He is talking about the Governors’ Awards, held in Los Angeles, where he joined other guests including Tom Hanks, Angelina Jolie and Daniel Craig.
“I’m super excited because it’s all brand new to me. I feel like an artist that’s just been signed. I’m full of hope, full of excitement, bewildered by it all.”
The project that currently has him walking red carpets with the biggest names in Hollywood is his biopic Better Man.
Better Man deals with Williams’ life from childhood, through the Take That years, to about 2003, the year he broke records by playing three huge gigs at Knebworth (with the aim of annoying Oasis, who had only managed two).
The twist in the tale, or tail, is that throughout the film, and with no explanation, he is portrayed on screen as a monkey.
To paraphrase the debut album of Williams’ old boyband, Ape That and Party.
Robbie Williams sums up Better Man as “the greatest hits of my trauma for the TikTok generation”.
And the film doesn’t shy away from dealing with his drug addictions and mental health problems, or when Nicole Appleton from All Saints was pregnant with their child and was pressured by people in the music industry, she said, into having an abortion.

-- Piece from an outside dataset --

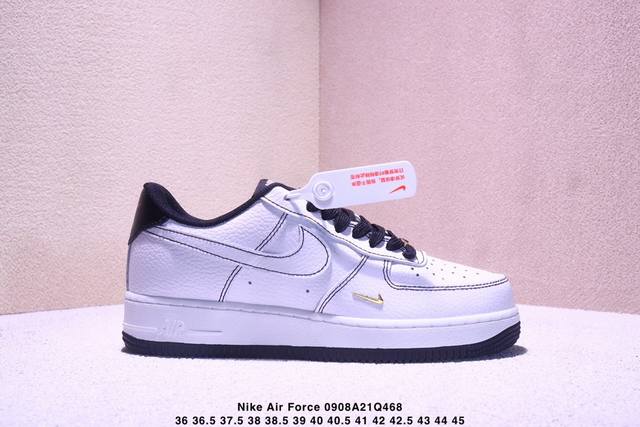 耐克 Nike Air Force 1 ’07 空军一号低帮百搭休闲运动板鞋。柔软、弹性十足的缓震性能和出色的中底设计，横跨复古与现代的外型结合，造就出风靡全球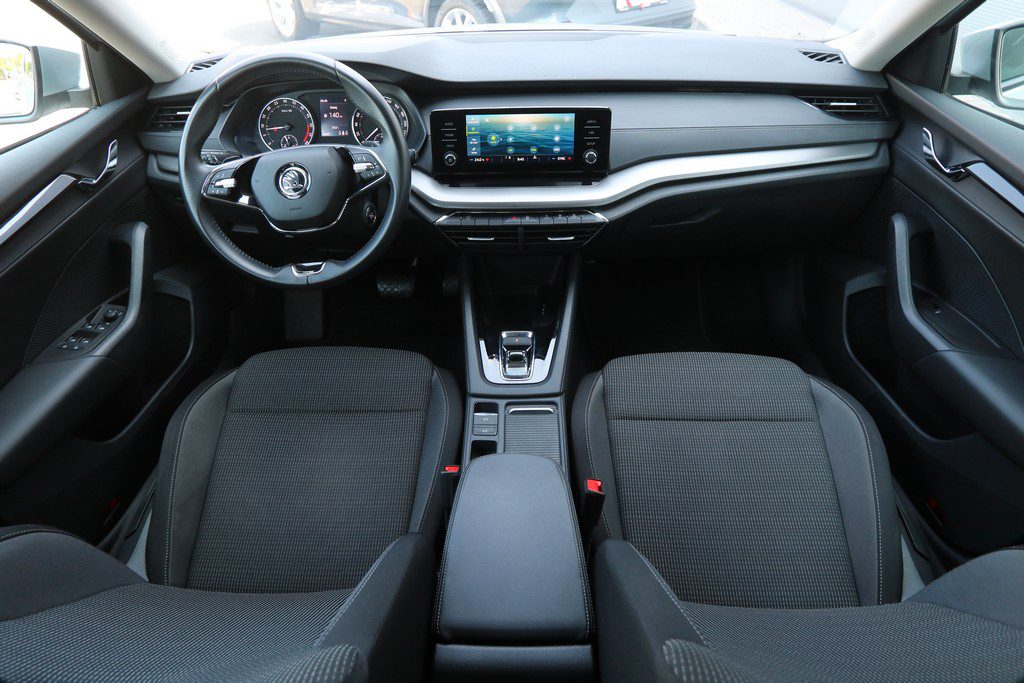 2021 Škoda Octavia — fotografija 5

“My part in her life I still have shame about. It’s the most difficult part of the film for me to watch,” Williams admits.
“The Greatest Showman director Michael Gracey’s film has already earned a Golden Globe nomination for best song. And on Tuesday, he will find out whether Forbidden Road, which plays over the end credits, is among the 15 songs on the shortlist for the Academy Awards.